One of the push-backs to eco-austerity in the developed west will always come from our sheer delight in the intricate innovations that our fellow humans serve up to us. We are radical animals – able to distance ourselves from our instincts sufficiently enough to shape the world according to our imaginations.

But we radical animals face the barriers of the planet's carrying capacity. How to confine our illimitability – our creative and destructive capacity to reframe reality – within the toughest of natural limits? My studies of the power and potential of play over the last decade have shown that humans truly thrive when they are able to act freely, to master skills they choose to master, and can take non-fatal risks under conditions of ultimate security.

A green politics has to be thinking passionately about zones of creativity and innovation for human beings, as well as the constraints and duties of low-carbon living.
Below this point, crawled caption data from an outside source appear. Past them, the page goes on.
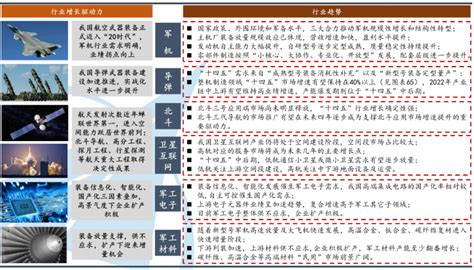 2016年中国国防军工行业现状分析及发展趋势预测【图】_智研咨询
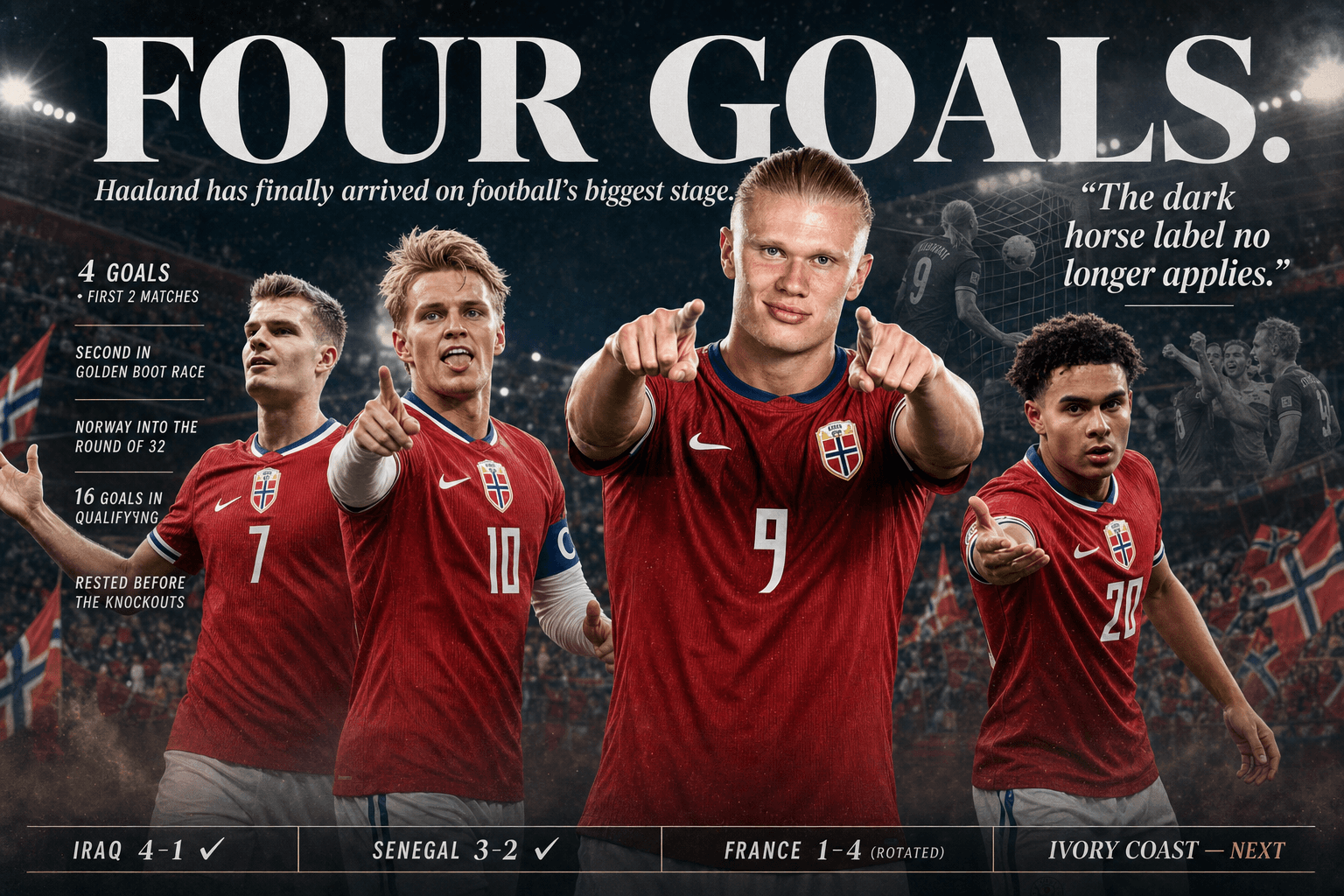 Haaland's First World Cup: 4 Goals and Norway Mean Business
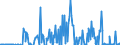 Standard international energy product classification (SIEC): Oil and petroleum products / Geopolitical entity (partner): Belgium / Unit of measure: Thousand tonnes / Geopolitical entity (reporting): Portugal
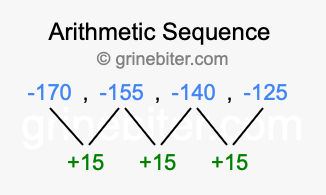 Sequence -170, -155, -140, -125,...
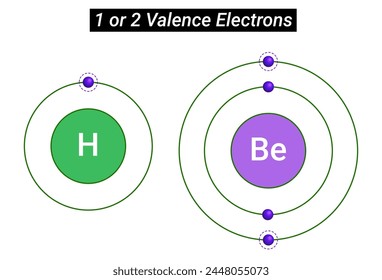Chemical Reactivity: 1 or 2 Valence Electrons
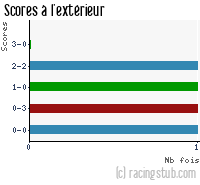 Scores à l'extérieur de Metz - 2010/2011 - Coupe de France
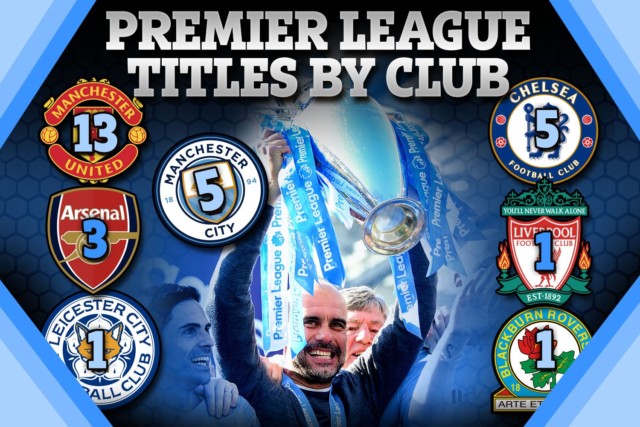 , Brendan Rodgers says Leicester are the ‘people’s club’ in FA Cup final against Big Six money-grabbers Chelsea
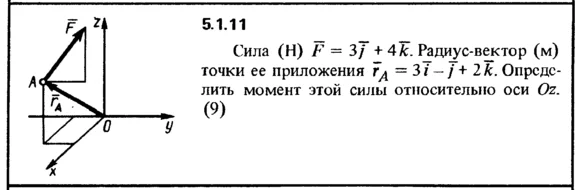 Решение задачи 5.1.11 из сборника Кепе О.Е. 1989 года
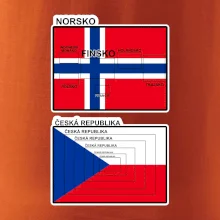 Norská a česká vlajka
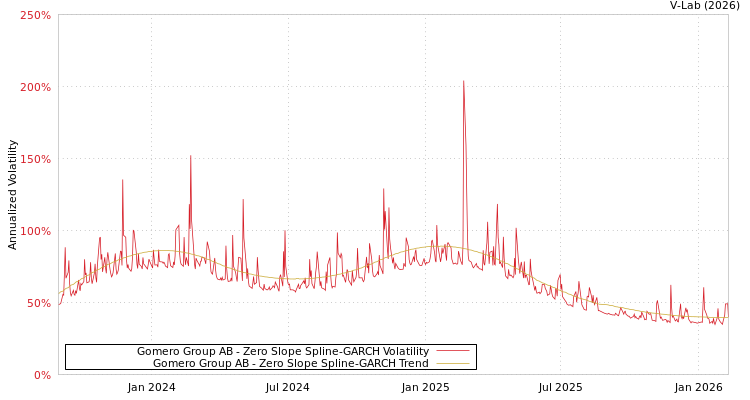graph of Gomero Group AB S0GARCH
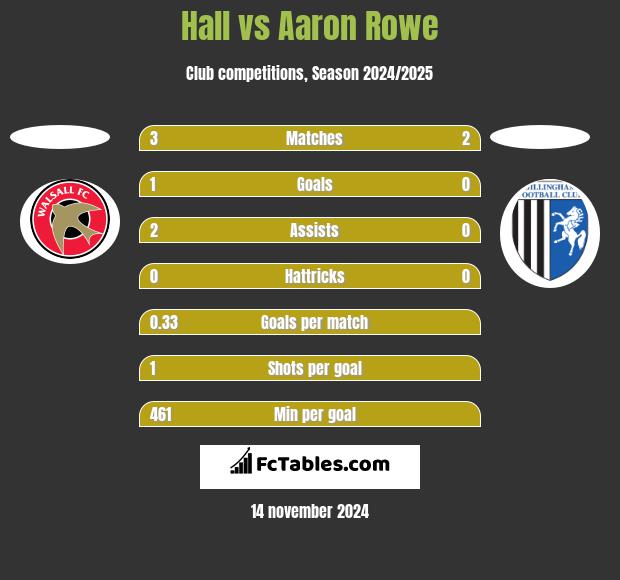 Hall vs Aaron Rowe h2h player stats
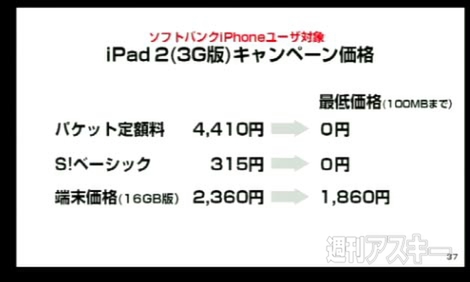 ソフトバンク『iPhone 4S』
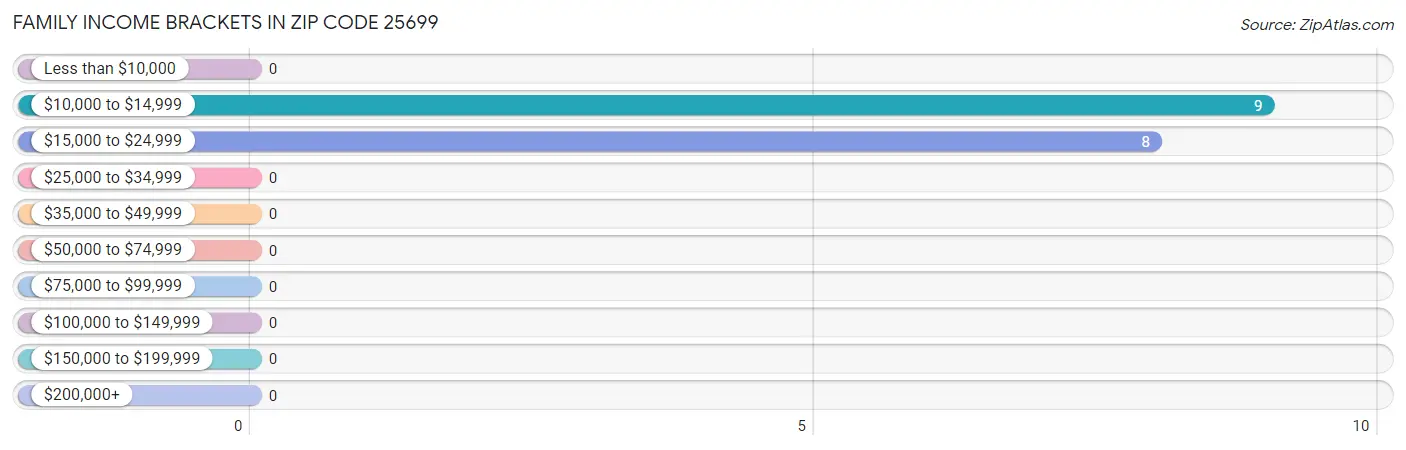 Family Income Brackets in Zip Code 25699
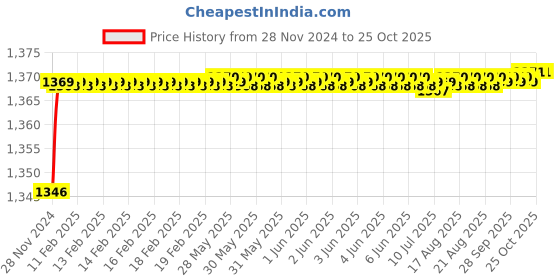 moglix.com RADILITE 2.5 Sqmm Red HRFR Multistrand PVC Insulated Housing Wire, Length: 45 m radilite Price History Graph from 28 Nov 2024 to 25 Oct 2025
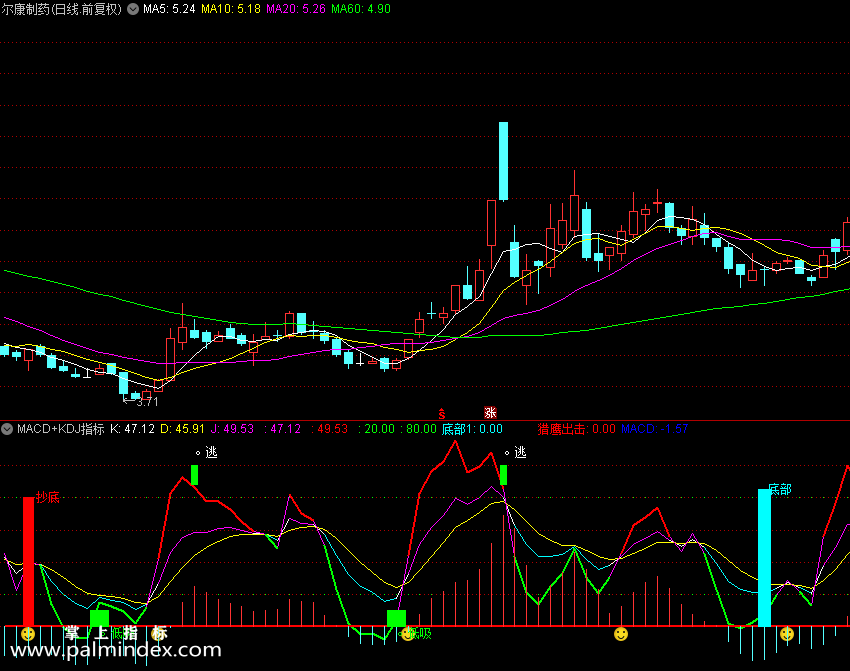 【通达信指标】MACD+KDJ指标/源码 副图信号支持选股预警（0152）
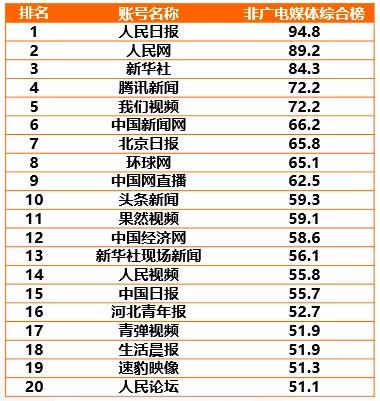 《CTR-快手媒体号2019年度榜单发布》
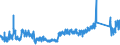 KN 63049300 /Exporte /Einheit = Preise (Euro/Tonne) /Partnerland: Daenemark /Meldeland: Eur27_2020 /63049300:Waren zur Innenausstattung, aus Synthetischen Chemiefasern (Ausg. aus Gewirken Oder Gestricken Sowie Decken, BettwÃ¤sche, TischwÃ¤sche, WÃ¤sche zur KÃ¶rperpflege, KÃ¼chenwÃ¤sche, Gardinen, VorhÃ¤nge, Innenrollos, Fenster- und BettbehÃ¤nge [schabracken], BettÃ¼berwÃ¼rfe, Lampenschirme und Waren der Pos. 9404)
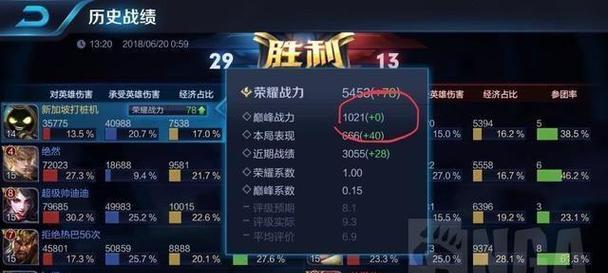 王者荣耀中败方银牌会扣多少分？如何避免扣分？  第3张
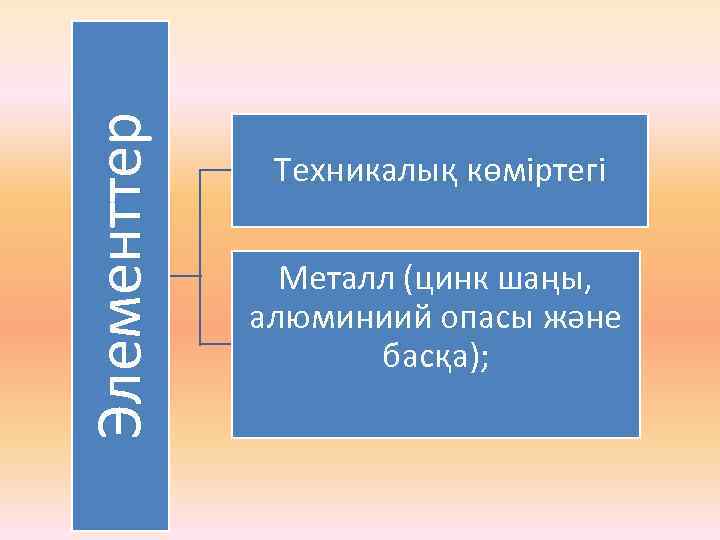 Элементтер Техникалық көміртегі Металл (цинк шаңы, алюминиий опасы және басқа); 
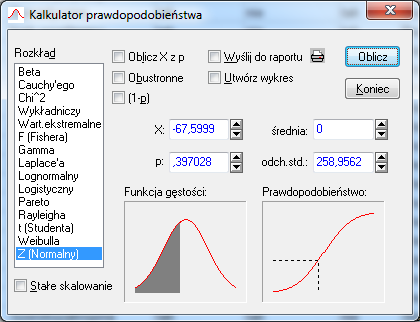 D=y-norma zawiera różnicę między średnią arytmetyczną składnika odżywczego a poziomem normy EAR, RDA, AI, UL osoby; Pr.dost.spoż.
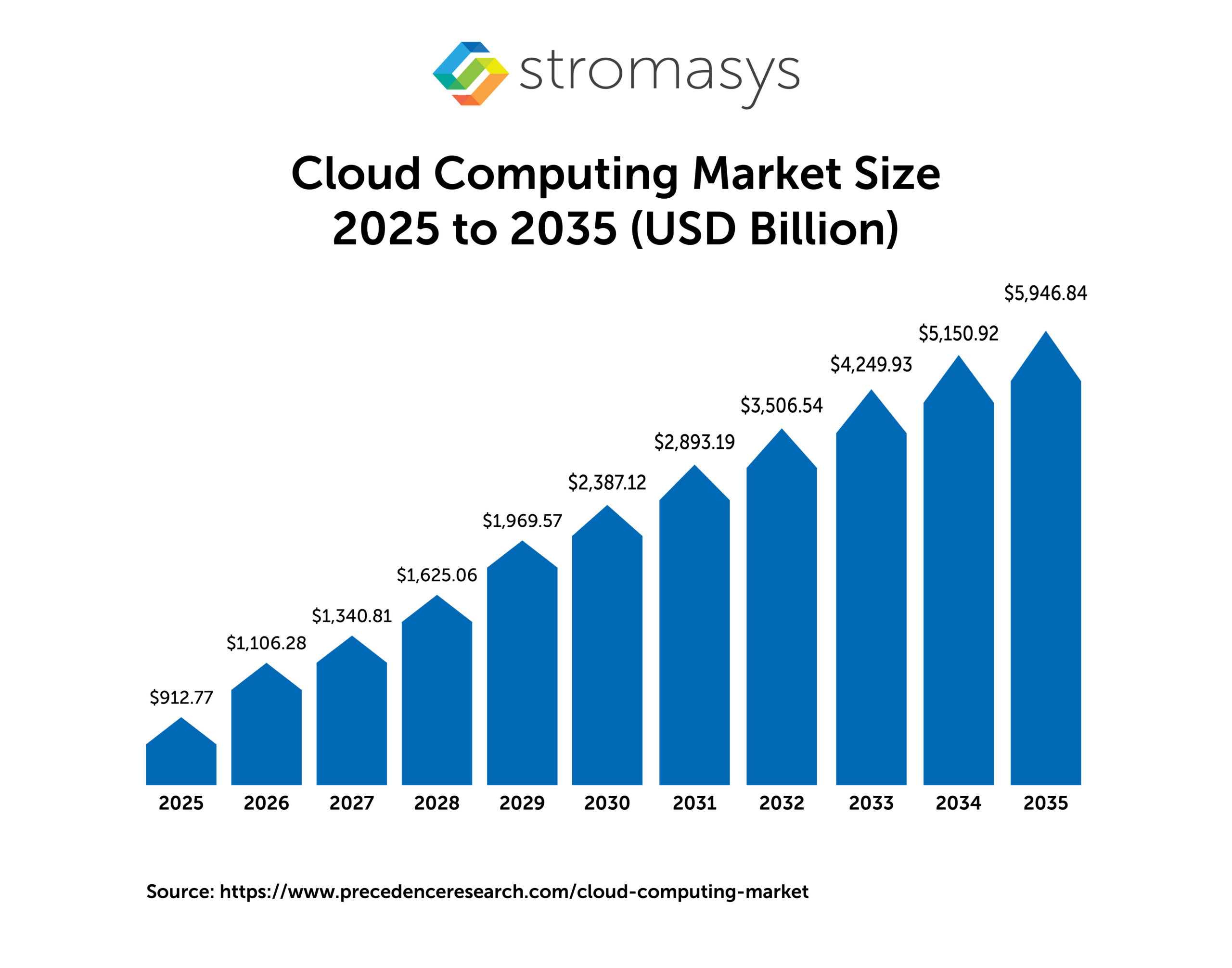 cloud computing market size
Otherwise the transformative dimension of our own nature will end up repressed and frustrated.

As the happiness scientist Richard Layard and the Hong Kong futurist Chandran Nair suggested at the Royal Society of Arts last month, the best minds of our era need not be working on discardable technologies, or "how to hide trillions of dollars on balance sheets". They could be applying themselves to new forms of education or psychology, or experiments in "how we create those rules and norms whereby people live more collectively". We also need a revival in the joys of craft and repairable design – where hacking and engineering become as sexy as media or business studies.

No one is suggesting we forgo interactivity, domestic comfort or mobility. But might this coming citizenry of "playful makers" provide new, collaborative opportunities for those very same device hawkers and mortgage facilitators that one finds in the average Sunday paper? Is there a new business model in supporting consumers to become mindful co-producers of services, way beyond the self-assemblies of Ikea or the free labours of Facebook updating?

Cultivating such an adaptive, practical exuberance could answer both our human itch for excited engagement and the call of the damaged earth. Both are entirely natural, after all.